Here’s the lowdown : a gang of seven twenty-something friends (Julianna Guill as Claire, Rebecca Da Costa as Rose, Ethan Peck as Guy, Rafi Gavron as Lex, Joseph Cross as Michael, Alex Meraz as T.J., and B.J. McKay’s daughter, Briana Evigan, as Lyla) are all heading for — you guessed it — a weekend getaway at a cabin in the woods. They run into some trouble along the way when they swerve off the road to avoid an apparition that may or may not have been there, but it’s all good — they eventually reach their destination, and hey! There’s even an abandoned mine nearby that, of course, they figure it would be a good idea to explore despite the fact that no one in their right mind would actually go anywhere near the thing. And that, of course, is where their troubles really begin in earnest.
In this case, “troubles” means auditory and visual hallucinations — that might not be auditory and visual hallucinations after all because they might actually be happening. It’s kinda hard to tell. But they sure do play with your head either way. And truth be told, for the most part they’re fairly effectively realized by Gray and company, and Mine Games — which also boasts the alternate title of The Evil Within — packs a reasonably decent wallop for what it is. I’m not sure why it languished in celluloid purgatory for a couple of years (filmed in 2012, it sat around unreleased until going straight to video in 2014) when plenty of worse crap sees the light of day immediately, but whatever. It’s here now and it’s a modestly enjoyable bumpy ride.

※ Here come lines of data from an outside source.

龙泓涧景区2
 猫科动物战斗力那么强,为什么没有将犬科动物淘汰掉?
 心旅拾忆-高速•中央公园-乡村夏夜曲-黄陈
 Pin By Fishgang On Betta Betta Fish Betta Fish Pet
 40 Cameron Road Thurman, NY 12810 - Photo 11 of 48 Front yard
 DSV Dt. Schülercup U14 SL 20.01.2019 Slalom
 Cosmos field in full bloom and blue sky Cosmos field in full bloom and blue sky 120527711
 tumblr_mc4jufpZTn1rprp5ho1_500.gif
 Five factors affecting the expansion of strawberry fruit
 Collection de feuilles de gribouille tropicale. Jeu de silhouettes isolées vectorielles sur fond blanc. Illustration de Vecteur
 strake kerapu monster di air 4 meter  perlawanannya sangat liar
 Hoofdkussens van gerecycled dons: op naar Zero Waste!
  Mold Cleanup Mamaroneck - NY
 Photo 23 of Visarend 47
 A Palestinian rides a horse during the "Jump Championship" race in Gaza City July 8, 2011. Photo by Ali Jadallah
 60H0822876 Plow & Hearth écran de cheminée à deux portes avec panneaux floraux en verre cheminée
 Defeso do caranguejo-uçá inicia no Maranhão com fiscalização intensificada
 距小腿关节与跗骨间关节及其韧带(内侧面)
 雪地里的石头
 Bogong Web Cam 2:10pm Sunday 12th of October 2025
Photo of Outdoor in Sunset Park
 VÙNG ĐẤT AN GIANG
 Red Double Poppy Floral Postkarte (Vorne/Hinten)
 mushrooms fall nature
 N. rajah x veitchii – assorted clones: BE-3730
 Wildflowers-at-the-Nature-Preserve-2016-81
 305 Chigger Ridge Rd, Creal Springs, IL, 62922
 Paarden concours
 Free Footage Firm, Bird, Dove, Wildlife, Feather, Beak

It helps that the cast of characters are mostly fairly likable and that no one’s named Justin or Colby or Madison or Britney or any of that shit the “Generation X”-ers saddled their kids with, sure, but credit where credit is due : this is an entirely competent, if wholly unremarkable, DTV fright flick.
True, it fumbles a bit when it comes to providing actual explanations for what’s going on, but hey — as horror fans we’re used to that, aren’t we? If you’re more in the mood for something that sets it sights on doing the best it can with what it has rather than playing at being yet another failed attempt at “re-defining the genre” or whatever, you could do a whole heck of a lot worse than Gray’s plucky little contender here.